▸ Required work:
Each line of the listing below must be retyped as given.
---------------
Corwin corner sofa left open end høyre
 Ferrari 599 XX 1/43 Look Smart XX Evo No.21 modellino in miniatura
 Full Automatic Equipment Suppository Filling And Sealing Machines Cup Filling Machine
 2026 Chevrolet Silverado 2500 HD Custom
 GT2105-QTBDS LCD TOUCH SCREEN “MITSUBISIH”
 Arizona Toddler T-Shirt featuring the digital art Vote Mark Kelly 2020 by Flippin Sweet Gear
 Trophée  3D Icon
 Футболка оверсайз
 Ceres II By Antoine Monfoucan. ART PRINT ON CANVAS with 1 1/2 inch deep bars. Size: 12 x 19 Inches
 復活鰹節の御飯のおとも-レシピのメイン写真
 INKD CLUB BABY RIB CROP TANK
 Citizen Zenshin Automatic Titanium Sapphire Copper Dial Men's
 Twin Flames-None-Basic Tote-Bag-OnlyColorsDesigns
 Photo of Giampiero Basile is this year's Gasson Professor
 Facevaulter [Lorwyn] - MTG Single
---------------
▸ Response:
Corwin corner sofa left open end høyre
 Ferrari 599 XX 1/43 Look Smart XX Evo No.21 modellino in miniatura
 Full Automatic Equipment Suppository Filling And Sealing Machines Cup Filling Machine
 2026 Chevrolet Silverado 2500 HD Custom
 GT2105-QTBDS LCD TOUCH SCREEN “MITSUBISIH”
 Arizona Toddler T-Shirt featuring the digital art Vote Mark Kelly 2020 by Flippin Sweet Gear
 Trophée  3D Icon
 Футболка оверсайз
 Ceres II By Antoine Monfoucan. ART PRINT ON CANVAS with 1 1/2 inch deep bars. Size: 12 x 19 Inches
 復活鰹節の御飯のおとも-レシピのメイン写真
 INKD CLUB BABY RIB CROP TANK
 Citizen Zenshin Automatic Titanium Sapphire Copper Dial Men's
 Twin Flames-None-Basic Tote-Bag-OnlyColorsDesigns
 Photo of Giampiero Basile is this year's Gasson Professor
 Facevaulter [Lorwyn] - MTG Single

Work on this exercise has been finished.